Lance Armstrong, the man who wore the iconic yellow jacket seven times as winner of cycling’s Tour de France and one of the greatest athletes of the past two decades, has provided the perfect ethical case study for the world as we now live it. The American has achieved rock star status, and only partially because of his cycling exploits. Armstrong really hit it big when he conquered cancer and then amazingly won his seven Tour de France titles after surviving the deadly disease!
Having overcome cancer and the Pyrenees, Armstrong was able to parlay both successes into a foundation and branding that has raised millions for cancer research and other charities. All this is very good and quite remarkable.

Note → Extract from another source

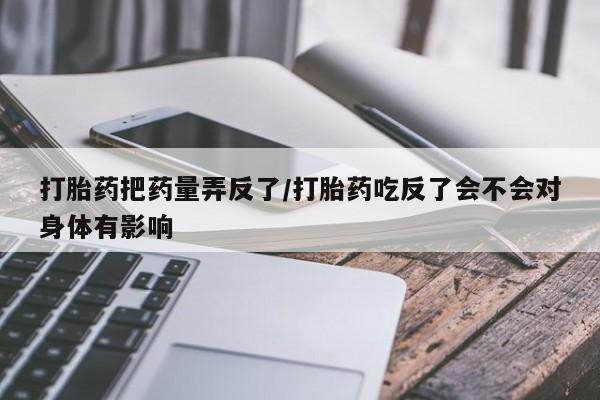 打胎药哪里能买到意外怀孕咨询打胎药把药量弄反了/打胎药吃反了会不会对身体有影响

But then in August it all got complicated. Turns out persistent rumours of Armstrong’s cheating were well-founded and the United States Anti-Doping Agency not only brought forward charges of doping and trafficking, but summarily stripped him of his victories. Armstrong, who never gave up in his battle for life, threw in the towel in this one essentially caving to the weight of the evidence. The man in the yellow jacket was publicly shamed, but he didn’t even seem to blush, and many have run to his defense. Canadian thespian William Shatner tweeted, “I’m so sorry this is happening to you,” while myriads of others are looking past his unethical approach to sport because he’s doing the highly ethical thing of helping people with cancer. In the weeks following the charges, Armstrong was a keynote speaker at a conference in Montreal and, I suspect, the sales of his merchandise and yellow LIVESTRONG bracelets will not be hurt in the least by these recent revelations.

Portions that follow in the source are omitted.